Час спустя ее живот свело судорогой так сильно, что она не могла идти дальше. Остаток дня она провела, извергая зеленую слизь. Если я останусь здесь, то умру. Может, я умираю прямо сейчас. Разведет ли лошадиный бог дотракийцев травяное море и призовет ли ее в свой звездный кхаласар, чтобы она могла скакать по ночным землям с кхалом Дрого? В Вестеросе мертвых из дома Таргариенов предавали огню, но кто разожжет здесь для нее погребальный костер?
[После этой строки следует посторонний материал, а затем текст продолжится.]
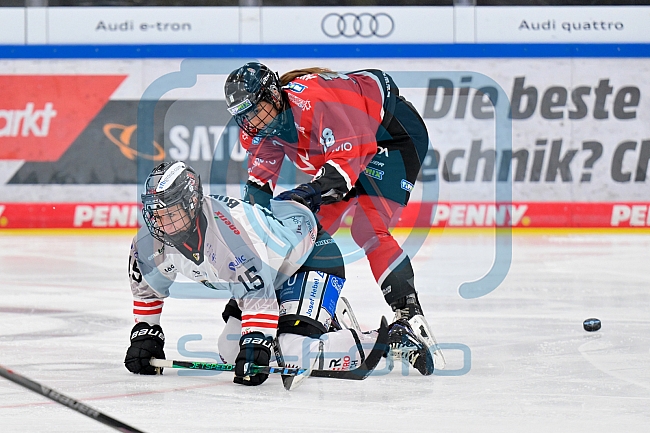 Eishockey, Frauen, EWHL Euro Cup, Saison 2025-2026, Finale, HK Budapest - ECDC Memmingen Indians, 19.10.2025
Моя плоть накормит волков и стервятников , подумала она с грустью, а черви выроют норы в моем чреве . Ее глаза вновь обратились к Драконьему Камню. Холм выглядел меньше. Она увидела дым, поднимающийся с иссеченной ветром вершины за много миль от нее. Дрогон вернулся с охоты.
Закат застал ее корчащейся и стонущей в траве. Каждое ее испражнение было более жидким, чем предыдущее, и пахло все хуже. Когда показалась луна, из Дени лилась уже коричневая вода. Чем больше она пила, тем больше выходило наружу, но чем больше выходило, тем сильнее становилась ее жажда, а жажда заставляла ее ползти к ручью и снова пить. Когда Дени наконец закрыла глаза, она уже не была уверена, что ей хватит сил открыть их на следующий день.
Ей приснился ее умерший брат.
Визерис выглядел точно так же, как в последний раз, когда она видела его: губы искривлены в муке, волосы сожжены, а лицо почернело и дымилось — там, где струи расплавленного золота сбежали по его лбу и щекам, и заполнили его глаза.